Cosmos Transfer Sim2Real for Multi-View Warehouse Detection & Tracking
Authors: Alice Li • Thomas Tang • Yuxing Wang • Jingyi Jin Organization: NVIDIA
Model | Workload | Use case |
---|---|---|
Cosmos Transfer 1 | Inference | Sim to Real data augmentation |
This use case study demonstrates how to apply Cosmos Transfer for data augmentation over Omniverse (OV) generated synthetic data to close the Sim-to-Real domain gap, specifically targeting multi-view warehouse detection and tracking scenarios.
Use Case Description
NVIDIA Omniverse provides powerful frameworks and libraries for developers to build custom Synthetic Data Generation (SDG) pipelines.. While digital simulations provide accurate derived information such as depth and segmentation with scene control, generating variations for robust model training can be computationally expensive and time-consuming.

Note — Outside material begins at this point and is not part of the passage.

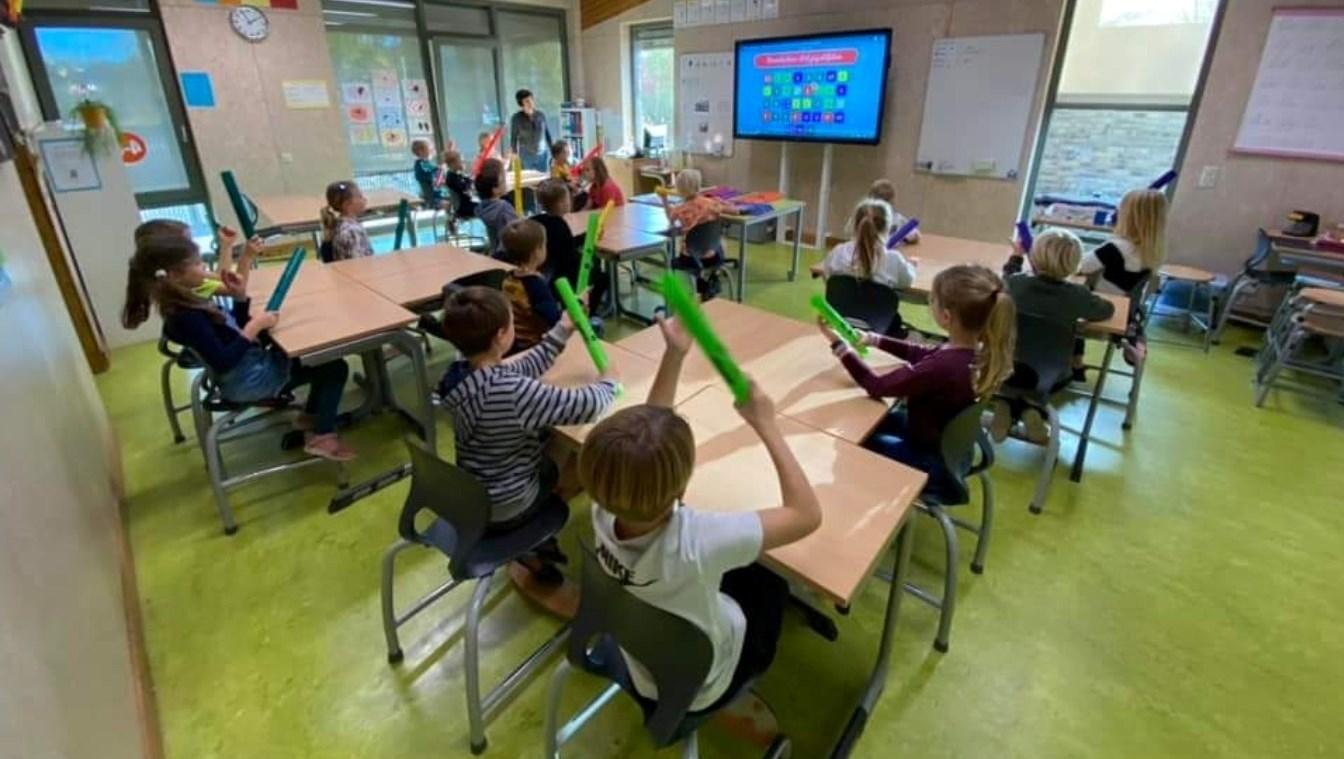 Leerlingen van Basisschool De Grote Lier in Molenhoek zijn actief bezig met een les in het klaslokaal. Leerlingen van Basisschool De Grote Lier in Molenhoek zijn actief bezig met een les in het klaslokaal.
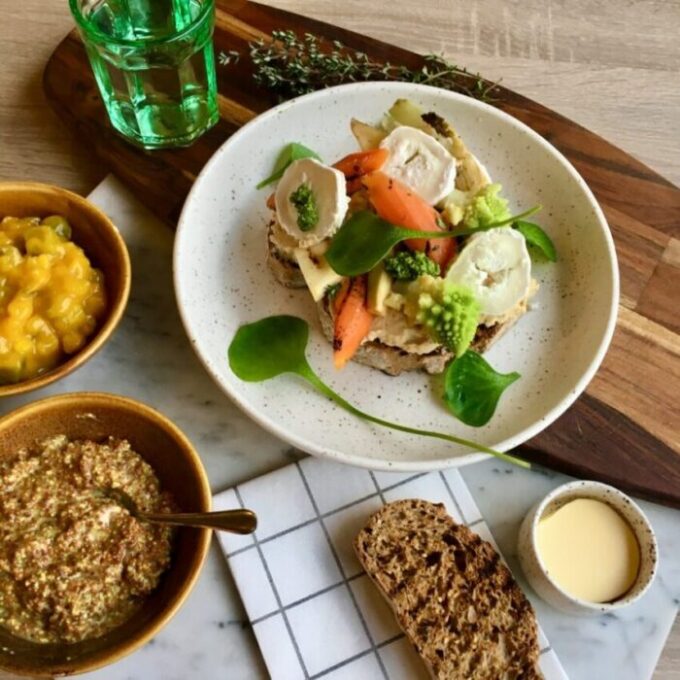 Pancakes sans gluten avec du saumon fumé et du chèvre frais. Consultation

This use case study explores how first time outside-in multi-view world simulation can be achieved by Cosmos Transfer. By transforming Omniverse-generated synthetic warehouse scenes into realistic variations, it reduces the sim-to-real domain gap without the computational cost of re-rendering entire scenes.
Outside-In Multi-View Processing Approach
Monitoring of warehouse spaces typically involves multi-camera views to provide comprehensive coverage. Since Cosmos Transfer 1 does not natively support multi-view processing, we adopt an approach to ensure visual consistency across all camera viewpoints:
- Multi-view Outside-In Data Generation: Multiview synthetic videos and corresponding multi-modal ground truth data (e.g., depth, segmentation masks) are prepared by IsaacSim.Replicator.Agent.
- Processing: For each video, identical text prompts and parameter settings are provided to the Cosmos Transfer 1 model, ensuring uniformity across different camera views. Modalities are carefully chosen and analyzed to enhance object feature consistency across different camera views. Detailed, data-driven text prompts are employed to minimize divergence in object features between views. In the following case, only depth and edge maps (0.5 depth + 0.5 edge) are used as input controls to the Cosmos Transfer 1 model.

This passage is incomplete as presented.